Jan:

A few weeks back, Dan posted about the good, bad, and wish we didn’t miss of India. We thought this was an apt time to reflect on India, because our two year anniversary of leaving India just passed.

For us, a lot has changed in two years. We left India thinking that we may never return, and now we know that there is no way we can not go back. To me, India is a place that gives and takes. It’s a place of the highest highs and the lowest lows. India is a juxtaposition between the old and the new, the rich and the poor, the good and the bad... You get the picture. Everything in India is juxtaposed.

I left India exhausted. Just straight up burnt out, physically exhausted and dirty, and mentally drained. But I also left India with a deeper connection to myself, to Dan, and to this vibrant new world we had been exposed to.

If I could go back to India—and I will—it’s not about what historical sights I would see, what cultural festivities and customs I would bear witness to, what food I would delight in—no, for me, it’s about what I would feel. Before embarking on our trip to India I remember having a deep knowing that I needed to open my heart and embrace India like an old friend. But in practice, on the ground I wasn’t able to.

India and I had an awkward way of dancing around each other. What do I mean by this? I mean India zigged when I zagged, India pushed me too hard before I was ready, and at times it didn’t push me hard enough.
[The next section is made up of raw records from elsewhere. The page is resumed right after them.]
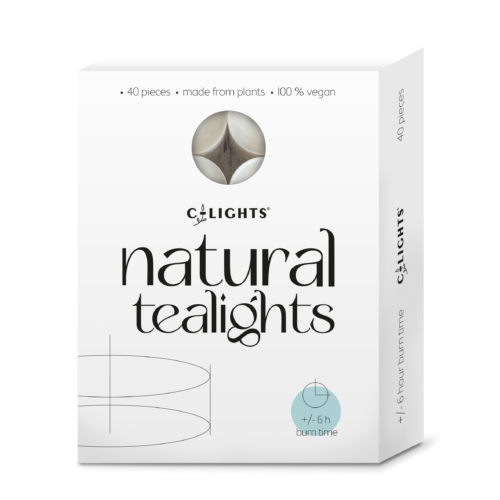 C-lights natuurlijke theelichten | 40 stuks | Vegan | 6 branduren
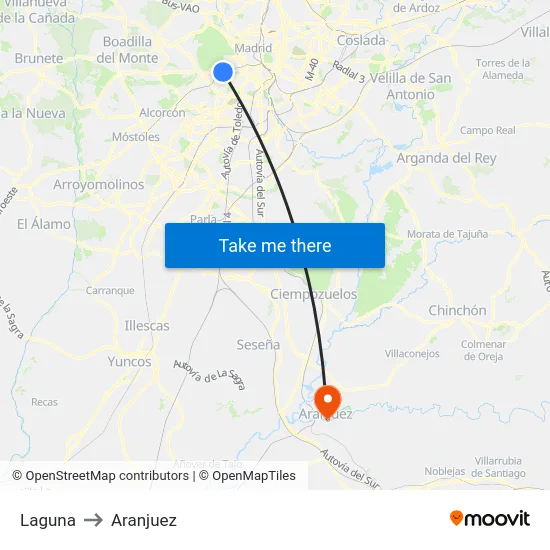 Laguna to Aranjuez map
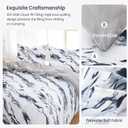 Mooreeke Queen Size Comforter Sets, Navy Blue Grey Lake Ripple Theme Printed Bedding for All Seasons, 3-Piece Vintage Bed in a Bag with Fluffy Quilted Reversible Comforter & 2 Pillow Shams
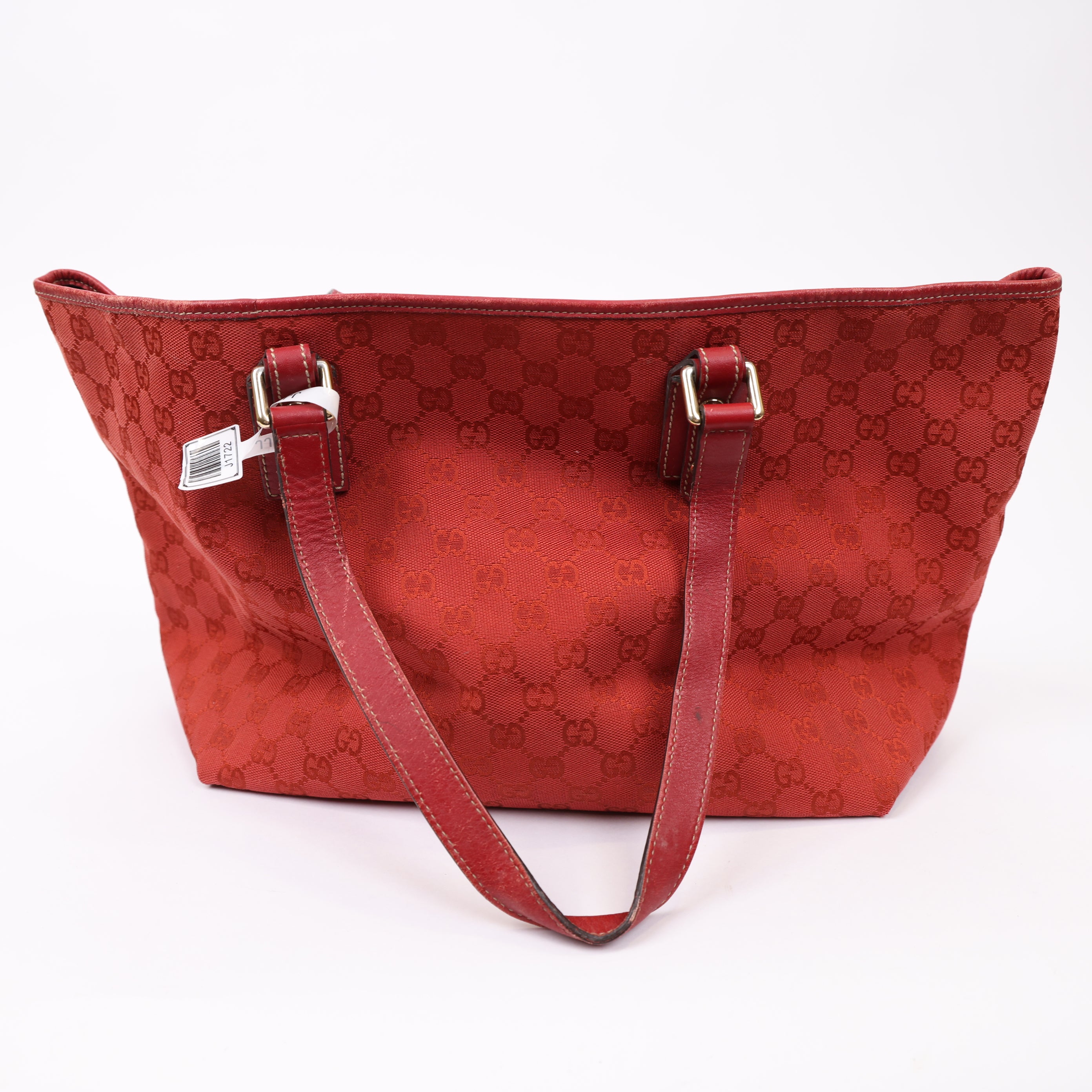 J1722 Gucci GG Canvas Handbag in Red- Pre Owned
I can attribute this dance to where I was in life, and I think that’s all part of the beauty of India. In retrospect India was telling me to slow down. To stop. To ponder. India was telling me to let go of my long held fears, my traumas and my preconceived notions about the world. To. Just. Be. To accept the dirty, the ugly, the difficult, and to rejoice in the beauty of confusion, uncertainty and uncomfortable surroundings.

It’s actually really interesting how different my reflections are than Dan’s. I’m someone who sees things as I feel them—and with an innate curiosity. I’m ever curious about the way that people live, what they eat, how they function; often down to the smallest details that leave Dan scratching his head when I voice my thoughts. I have a desire to understand, to feel and to connect on a transcendent level with those I meet. But sometimes, I'm nervous too. I don't always know how to bridge those gaps, and to truly embrace culture or humanity as it is. I'm still learning how to do this!  

Picture of Janice with some kids in Hampi who were eager to get their pictures taken with us.

Dan:

The thing I keep coming back to when I think about India is how at peace I/we felt in the Himalayas, when we spent 10 days in Mcleod Ganj. While we were able to find moments of peace in other parts of India too, something about the Himalayas just creates this feeling of serenity and acceptance with where you are and what you're doing.

I agree that one of India’s lessons is to force you to open up and embrace the experience. While in India, there’s a feeling that you're just there, being in it—you can’t get away from it, you can’t go around it, you can only go deeper into the experience.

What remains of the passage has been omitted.